Now before you get all worried, I just mean that I wasn’t quite ready to write them yet. I wanted to fully understand, and be able to explain, why I chose marriage. Our relationship is great, and neither of us was going anywhere. So why did we need this whole “thing”? I mean, if it isn’t broke… right?
Marriage is terrifying, if you really think about it. You are making a promise to God and to the person you love, in front of everyone you know, that will affect the rest of your life. I’ve had an ‘out’ for most of the big decisions I’ve made, even though I rarely used it. When I chose Miami of Ohio for college, I always knew that I could transfer if it wasn’t the right place for me. When we moved to Florida this year, we knew that if we ended up hating it, we could move back or move somewhere else. I wasn’t making any promises — just giving something new a try. But marriage is definitely NOT like that, at least not for me.
But I did choose marriage. I wanted that decision to be very intentional, concrete, well-thought out. Sometimes when I make a big decision, I get that exciting feeling of taking a leap into the unknown … and this is NOT LIKE THAT at all.
I didn’t choose marriage because I was “in love.” Despite what so many romantic comedies would have us believe, just being in love is not enough to sustain a relationship. I didn’t choose marriage I wanted to have kids. I didn’t choose marriage to have a big wedding. I didn’t choose marriage because everyone else was getting married, or because my parents wanted me to, or because we were “at that point” in the relationship.

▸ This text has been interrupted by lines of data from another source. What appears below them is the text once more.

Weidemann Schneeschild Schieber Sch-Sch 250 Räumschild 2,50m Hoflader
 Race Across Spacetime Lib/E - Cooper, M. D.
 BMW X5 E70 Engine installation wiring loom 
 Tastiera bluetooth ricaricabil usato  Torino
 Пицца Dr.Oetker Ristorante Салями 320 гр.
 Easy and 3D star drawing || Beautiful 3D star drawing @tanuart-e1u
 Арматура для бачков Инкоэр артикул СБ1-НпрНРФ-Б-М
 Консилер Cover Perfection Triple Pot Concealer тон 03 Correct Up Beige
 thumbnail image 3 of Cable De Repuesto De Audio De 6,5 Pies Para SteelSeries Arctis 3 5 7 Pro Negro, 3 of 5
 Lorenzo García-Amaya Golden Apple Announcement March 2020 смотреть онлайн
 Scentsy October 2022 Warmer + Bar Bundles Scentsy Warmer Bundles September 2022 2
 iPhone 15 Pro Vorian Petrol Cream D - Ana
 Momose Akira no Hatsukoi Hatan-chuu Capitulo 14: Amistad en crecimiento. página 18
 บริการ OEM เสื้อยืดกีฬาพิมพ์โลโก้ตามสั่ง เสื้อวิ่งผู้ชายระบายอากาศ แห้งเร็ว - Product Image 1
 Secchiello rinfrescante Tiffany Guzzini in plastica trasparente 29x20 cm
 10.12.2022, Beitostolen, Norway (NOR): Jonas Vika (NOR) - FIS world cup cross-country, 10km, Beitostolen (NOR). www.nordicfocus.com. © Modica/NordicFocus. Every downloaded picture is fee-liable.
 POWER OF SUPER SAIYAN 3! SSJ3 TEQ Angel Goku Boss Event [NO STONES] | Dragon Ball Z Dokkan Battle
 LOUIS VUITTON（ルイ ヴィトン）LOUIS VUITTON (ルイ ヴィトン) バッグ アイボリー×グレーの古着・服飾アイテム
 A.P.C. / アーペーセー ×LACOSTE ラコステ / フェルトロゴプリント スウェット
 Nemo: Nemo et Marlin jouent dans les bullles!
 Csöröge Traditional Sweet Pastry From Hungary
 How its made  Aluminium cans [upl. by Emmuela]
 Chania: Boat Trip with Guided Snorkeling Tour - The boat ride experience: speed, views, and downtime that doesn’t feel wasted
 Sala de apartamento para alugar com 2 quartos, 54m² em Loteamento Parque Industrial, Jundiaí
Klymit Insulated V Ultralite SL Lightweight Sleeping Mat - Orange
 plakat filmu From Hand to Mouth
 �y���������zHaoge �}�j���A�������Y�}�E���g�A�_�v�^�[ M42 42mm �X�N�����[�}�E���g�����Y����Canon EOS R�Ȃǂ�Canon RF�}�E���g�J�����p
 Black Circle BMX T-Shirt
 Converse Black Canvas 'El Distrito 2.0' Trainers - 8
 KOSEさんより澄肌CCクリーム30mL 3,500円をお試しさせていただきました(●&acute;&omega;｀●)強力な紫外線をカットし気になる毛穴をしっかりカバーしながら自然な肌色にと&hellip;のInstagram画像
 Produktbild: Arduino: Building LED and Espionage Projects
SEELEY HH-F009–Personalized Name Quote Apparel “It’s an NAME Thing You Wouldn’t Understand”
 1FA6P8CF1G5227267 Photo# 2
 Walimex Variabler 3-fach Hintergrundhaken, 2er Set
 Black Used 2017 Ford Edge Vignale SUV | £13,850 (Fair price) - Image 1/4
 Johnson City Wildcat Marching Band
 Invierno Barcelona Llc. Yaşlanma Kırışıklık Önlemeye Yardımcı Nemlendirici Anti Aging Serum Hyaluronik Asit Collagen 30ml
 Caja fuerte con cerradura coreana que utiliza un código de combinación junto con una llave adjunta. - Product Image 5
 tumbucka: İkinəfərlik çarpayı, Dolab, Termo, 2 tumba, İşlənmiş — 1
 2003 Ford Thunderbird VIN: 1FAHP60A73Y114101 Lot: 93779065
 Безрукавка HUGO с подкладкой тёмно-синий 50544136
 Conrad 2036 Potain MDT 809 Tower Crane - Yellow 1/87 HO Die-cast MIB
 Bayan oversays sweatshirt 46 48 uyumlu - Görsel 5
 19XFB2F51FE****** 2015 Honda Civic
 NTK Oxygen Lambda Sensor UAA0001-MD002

I chose marriage because I finally found someone who is worthy of my love, and who feels the same about me. I respect this man enough to intentionally join my life with his. I trust him enough to share a future with him. I chose marriage because, if we decide to have kids, I want them to believe in marriage. I know he is not like any man I’ve ever dated, and I know that our relationship is worth the sacrifices and the work it will take to maintain it. I chose marriage because he makes my life better than it was on my own.
I wrote my vows last night, and one week from now I will make those promises out loud. And I am completely, wonderfully, at peace with that.